PER (left axis) and IL (right axis) as functions of variation in (a) slot thickness Δtslot, (b) thickness of Si ΔhSi, and (c) width of SWSWGs ΔWcl.

For ΔWcl, PERTE and ILTM vary significantly because of the short LTM, resulting in a large deviation from the PMC. By contrast, PERTM and ILTE are slight variation due to the almost infinite long coupling length (achieving almost zero crosstalk) of the TE mode (LTE = 151.3 mm at the transition point of tslot = 55 nm, Wcl = 75 nm, and hSi = 150 nm).
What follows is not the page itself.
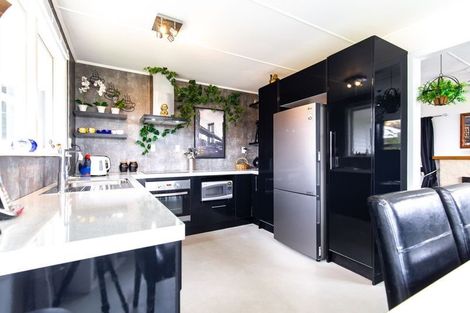 Photo of property in 16 Hall Street, Kihikihi, Te Awamutu, 3800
For the condition of ΔWcl < 5 nm, PERTE > 20 dB, PERTM > 25 dB, ILTM < 0.06 dB, and ILTM < 0.3 dB. From the calculated results, the most critical geometry affecting performance is the width of SWSWG. Fortunately, a mixed inductively coupled plasma-reactive ion etching process and hydrogen annealing35 can achieve sidewall roughness of a Si strip to < 1 nm.
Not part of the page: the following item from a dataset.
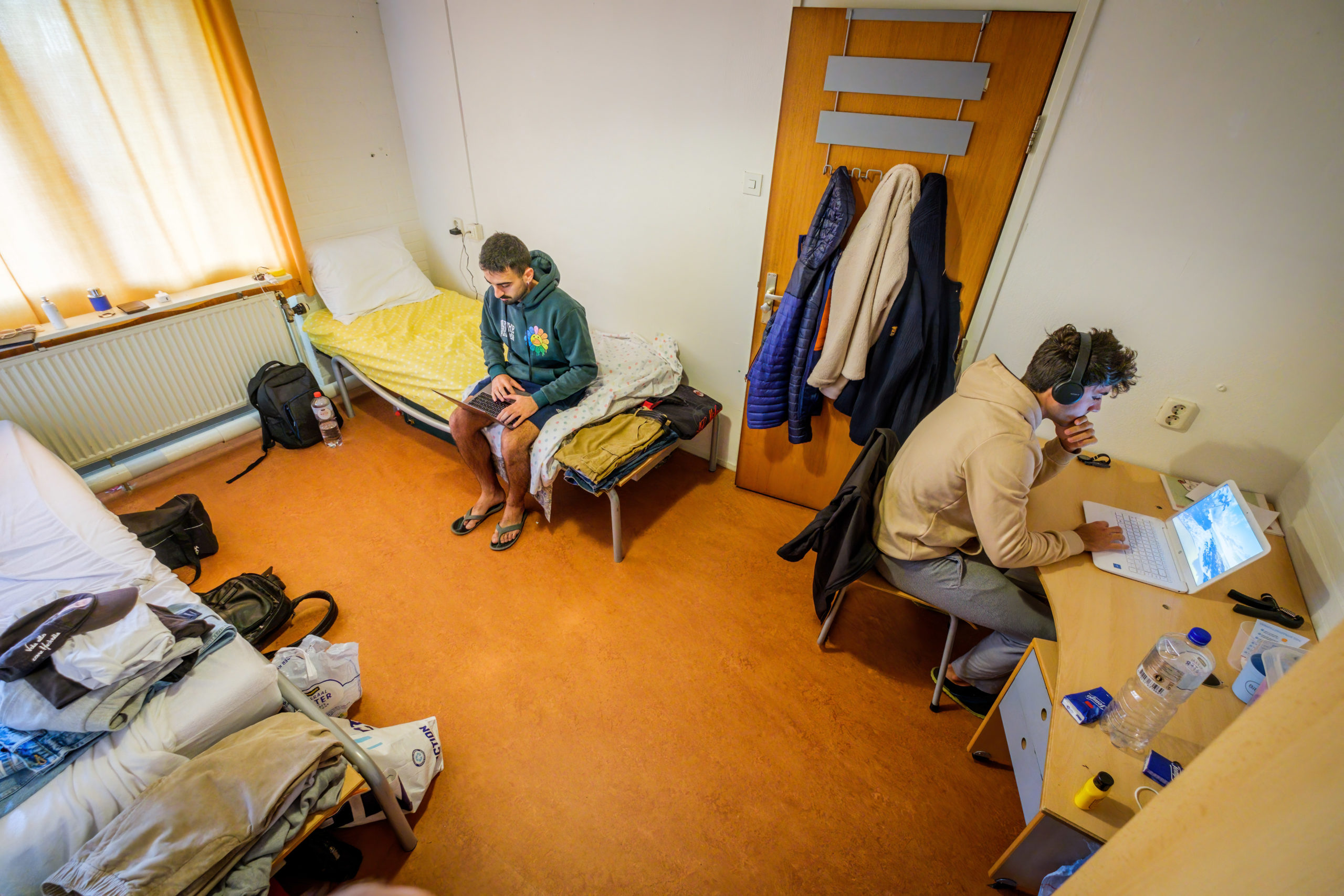 Kamernoodoplossing: twee studenten in een kamer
In conclusion, we propose an ultra-compact, high-performance PBS, consisting of slotted waveguides with SWSWGs. By controlling the optical momentum of evanescent waves with the anisotropic SWSWGs, the coupling strength of the TE mode is suppressed remarkably, and that of TM mode is significantly enhanced. As a result, the proposed PBS significantly improves the PER of the TM mode by around 13 dB and reduces device length by > 70% (from 32.2 to 8.9 μm), when compared with a CSWC that does not include SWSWGs. Extraordinarily, the transition point of nsym \(\approx\) nasym found in this work almost entirely eliminates TE mode crosstalk between the waveguides. This interesting phenomenon could be applied to building highly dense PICs and will be studied in depth elsewhere. In terms of practical fabrication, the required steps were identical to those of a CWSC, making fabrication of the proposed PBS comparatively simple. Our numerical simulations demonstrate that the proposed PBS achieves PERTM > 25 dB, PERTE > 20 dB, ILTE < 0.05 dB, and ILTM < 0.3 dB within a BW of ~ 50 nm from λ = 1,530 to 1,580 nm. In terms of fabrication tolerance, PERTE and PERTM achieve > 20 dB, and ILTE and ILTM are < 0.3 dB for variations in slot thickness and Si thickness within ± 10 nm. These calculated results show that the critical geometry is SWSWG width.

Methods

According to the effective-medium theory (EMT)31, which limits the grating pitch Λ to a smaller than subwavelength scale, the SWG regions demonstrate equivalent material anisotropy as follows:

$$ \varepsilon_{EMT} = \left[ {\begin{array}{*{20}c} {\varepsilon_{x} } & 0 & 0 \\ 0 & {\varepsilon_{y} } & 0 \\ 0 & 0 & {\varepsilon_{z} } \\ \end{array} } \right], $$
(1)
$$ \varepsilon_{y} = \varepsilon_{z} = \rho {\kern 1pt} \varepsilon_{H} + \left( {1 - \rho } \right)\varepsilon_{L} , $$
(2)
$$ \varepsilon_{x}^{ - 1} = \rho \varepsilon_{H}^{ - 1} + \left( {1 - \rho } \right)\varepsilon_{L}^{ - 1} , $$
(3)

where εx, εy, and εz are the equivalent permittivities in the x-, y-, and z-directions, respectively, and εH (here εSi) and εL (here εair) are the high and low permittivities of the SWG. Additionally, the PER and IL of the two modes are defined in Eqs. (4) and (5), respectively15:

$$ {\text{PER}}_{TE(TM)} = 10\,\;\log_{10} \left( {\frac{{P_{TE(TM),\,thr(cross)} }}{{P_{TM(TE),\,thr(cross)} }}} \right), $$
(4)
$$ {\text{IL}}_{TE(TM)} = \; - 10\,\;\log_{10} \left( {\frac{{P_{TE(TM),\,thr(cross)} }}{{P_{input} }}} \right), $$
(5)

where Pinput is the input power, PTE(TM), thr(cross) is the TE (TM) mode power at the through (cross) channel, and PTM(TE), thr (cross) is the TM (TE) mode power at the through (cross) channel.